Vooral vanwege deze tweede strategische optie zal de beginfase van een Amerikaanse aanval op Irak als hoofddoel hebben het vernietigen van de WMD en alle ondersteunende infrastructuur (vooral de bevelsstructuur), plus de draagsystemen en afvuurinstallaties. De Iraakse reactie hierop is bepalend voor de verdere strategische keuzes van de Amerikanen. Als Irak een launch-on-warning beleid hanteert, dan worden eventuele WMD onmiddellijk gebruikt, vermoedelijk tegen Israël. Recentelijk werd bekend dat er een systeem van pre-delegatie wordt gebruikt door Saddam: dat wil zeggen dat de commandanten van de WMD-eenheden onder bepaalde omstandigheden een mandaat krijgen om hun wapen af te vuren. Dit zou bijvoorbeeld kunnen gebeuren als de verbindingen met Bagdad verbroken worden. Volgen het Britse regeringsrapport over Iraakse WMD is er slechts 45 minuten nodig om een raket gereed te maken voor lancering.
Als Israël zo’n aanval beantwoordt met een atoomaanval is het verdere verloop van het conflict volstrekt onvoorspelbaar. Er zou grote binnenlandse druk kunnen ontstaan op de Syrische of Egyptische regeringen om te reageren met hun chemische wapens. Ze kunnen niet volstaan met niets doen en Israël te veroordelen. Hoe dan ook is dit het nachtmerriescenario voor de VS. Om die reden zal elk aanvalsplan elementen bevatten die dit probleem proberen te neutraliseren.
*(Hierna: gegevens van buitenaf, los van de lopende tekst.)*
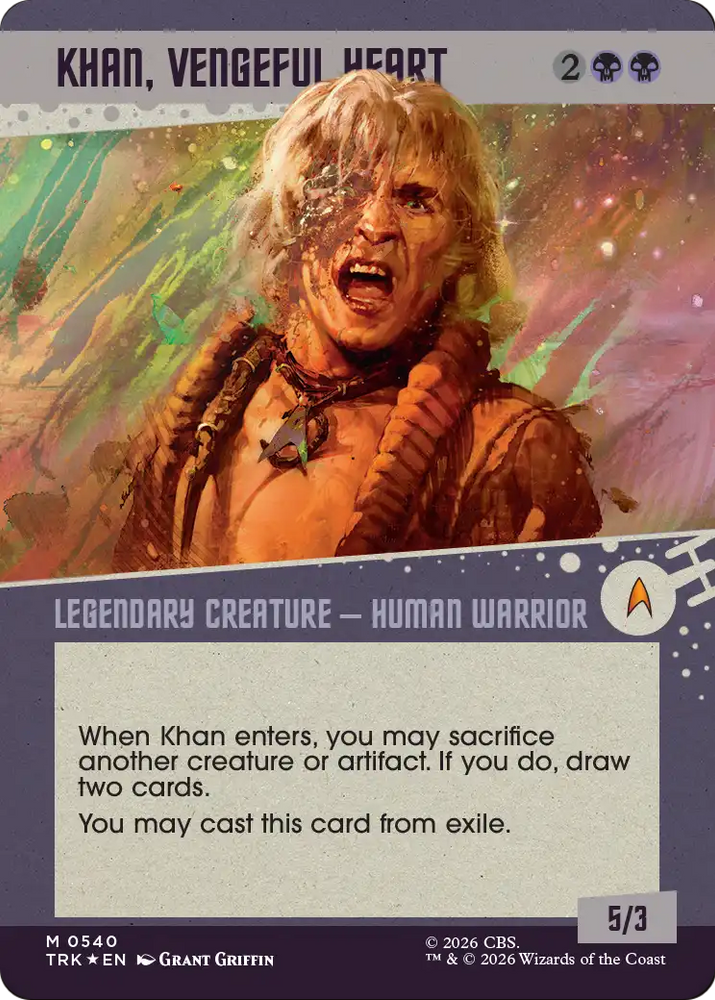 Khan, Vengeful Heart (Showcase) (Surge Foil) [Star Trek]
Als Saddam er van uit gaat dat de zaak verloren is kan hij ook beslissen om schade aan het Westen toe te brengen door zoveel mogelijk olievelden te vernietigen. Een alternatief zou zijn om hiermee te dreigen in ruil voor vrije aftocht. Dit lijkt echter onwaarschijnlijk vanwege de vele vijanden die Saddam heeft en die hem eerder zullen doden dan een vrije aftocht toestaan.
Net als een aanval op Israël is dit een voortzetting van de strategie van 1991, die toen beperkt bleef tot Koeweit, omdat er geen landaanval op Bagdad plaatsvond. De gevolgen voor de olieprijs zullen verstrekkend zijn: een verhoging die onmiddellijk zal doorwerken in de wereldeconomie. Om die reden is de VS begonnen met haar strategische olievoorraad op te bouwen. Het is voor de VS dus ook van belang om zo’n militair-economische reactie van Irak te verhinderen. Overigens zal de olieprijs sowieso stijgen als gevolg van de dreiging om Irak aan te vallen – eind oktober stond de verwachte decemberprijs van Brent olie op $25,80 per vat.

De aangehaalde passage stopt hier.